▸ **Dataset excerpt**:
_ _ _

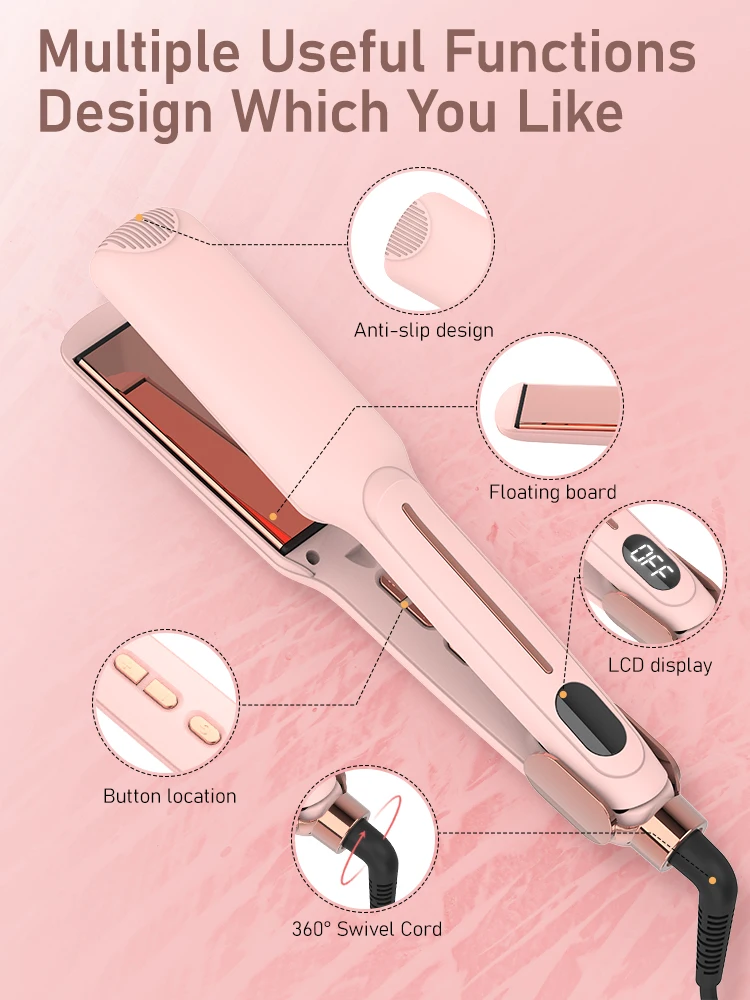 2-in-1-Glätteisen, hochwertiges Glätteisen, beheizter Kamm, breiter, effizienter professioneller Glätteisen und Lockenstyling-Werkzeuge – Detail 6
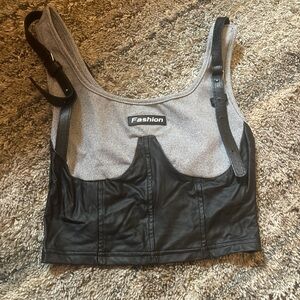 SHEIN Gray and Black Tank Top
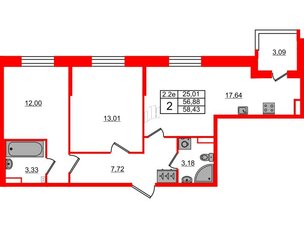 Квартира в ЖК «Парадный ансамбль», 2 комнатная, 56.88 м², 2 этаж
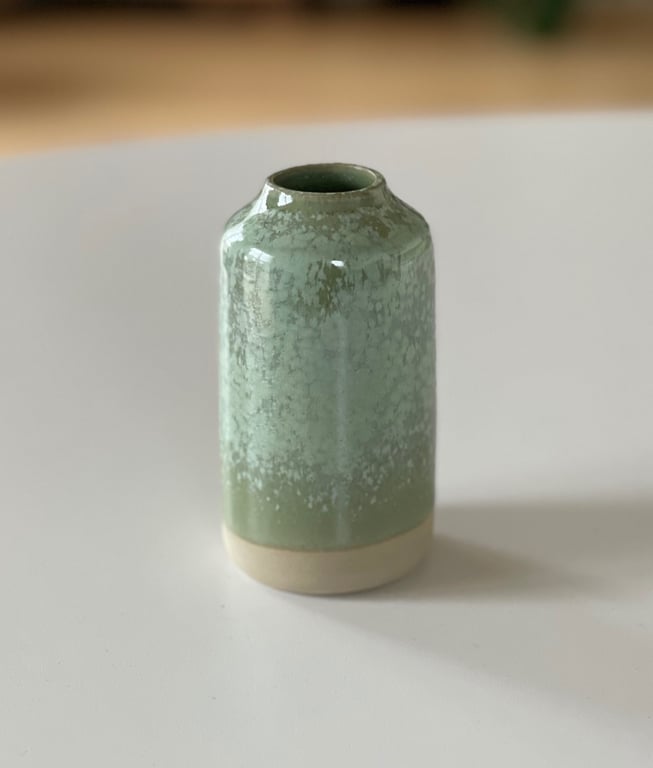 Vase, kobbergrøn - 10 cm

_ _ _

▸ **What the task requires**: The expected result is the material restated word for word, minus any picture.

▸ **Answer section**:
 2-in-1-Glätteisen, hochwertiges Glätteisen, beheizter Kamm, breiter, effizienter professioneller Glätteisen und Lockenstyling-Werkzeuge – Detail 6
 SHEIN Gray and Black Tank Top
 Квартира в ЖК «Парадный ансамбль», 2 комнатная, 56.88 м², 2 этаж
 Vase, kobbergrøn - 10 cm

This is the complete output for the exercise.